*MATERIAL PROVIDED*
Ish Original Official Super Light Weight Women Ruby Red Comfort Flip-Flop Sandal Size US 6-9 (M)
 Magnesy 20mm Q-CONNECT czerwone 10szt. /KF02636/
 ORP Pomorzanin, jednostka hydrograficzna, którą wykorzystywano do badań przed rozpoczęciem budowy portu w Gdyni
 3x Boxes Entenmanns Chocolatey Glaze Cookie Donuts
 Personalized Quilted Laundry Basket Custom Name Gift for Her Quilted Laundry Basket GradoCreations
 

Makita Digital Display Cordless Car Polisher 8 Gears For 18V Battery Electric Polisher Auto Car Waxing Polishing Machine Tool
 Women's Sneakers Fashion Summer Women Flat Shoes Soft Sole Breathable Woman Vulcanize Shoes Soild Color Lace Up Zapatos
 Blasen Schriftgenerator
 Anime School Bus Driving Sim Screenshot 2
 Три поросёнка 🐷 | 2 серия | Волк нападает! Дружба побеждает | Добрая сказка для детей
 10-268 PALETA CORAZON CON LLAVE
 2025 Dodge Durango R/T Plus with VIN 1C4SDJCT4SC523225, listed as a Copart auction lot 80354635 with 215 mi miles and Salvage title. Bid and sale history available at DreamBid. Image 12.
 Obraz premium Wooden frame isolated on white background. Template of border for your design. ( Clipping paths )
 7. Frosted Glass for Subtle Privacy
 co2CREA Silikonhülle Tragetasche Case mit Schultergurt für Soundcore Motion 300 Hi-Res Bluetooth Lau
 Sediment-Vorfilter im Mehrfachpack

*ASSIGNED TASK*
An exact reproduction of all the records is needed.

*OUTPUT FOR THIS TASK*
Ish Original Official Super Light Weight Women Ruby Red Comfort Flip-Flop Sandal Size US 6-9 (M)
 Magnesy 20mm Q-CONNECT czerwone 10szt. /KF02636/
 ORP Pomorzanin, jednostka hydrograficzna, którą wykorzystywano do badań przed rozpoczęciem budowy portu w Gdyni
 3x Boxes Entenmanns Chocolatey Glaze Cookie Donuts
 Personalized Quilted Laundry Basket Custom Name Gift for Her Quilted Laundry Basket GradoCreations
 

Makita Digital Display Cordless Car Polisher 8 Gears For 18V Battery Electric Polisher Auto Car Waxing Polishing Machine Tool
 Women's Sneakers Fashion Summer Women Flat Shoes Soft Sole Breathable Woman Vulcanize Shoes Soild Color Lace Up Zapatos
 Blasen Schriftgenerator
 Anime School Bus Driving Sim Screenshot 2
 Три поросёнка 🐷 | 2 серия | Волк нападает! Дружба побеждает | Добрая сказка для детей
 10-268 PALETA CORAZON CON LLAVE
 2025 Dodge Durango R/T Plus with VIN 1C4SDJCT4SC523225, listed as a Copart auction lot 80354635 with 215 mi miles and Salvage title. Bid and sale history available at DreamBid. Image 12.
 Obraz premium Wooden frame isolated on white background. Template of border for your design. ( Clipping paths )
 7. Frosted Glass for Subtle Privacy
 co2CREA Silikonhülle Tragetasche Case mit Schultergurt für Soundcore Motion 300 Hi-Res Bluetooth Lau
 Sediment-Vorfilter im Mehrfachpack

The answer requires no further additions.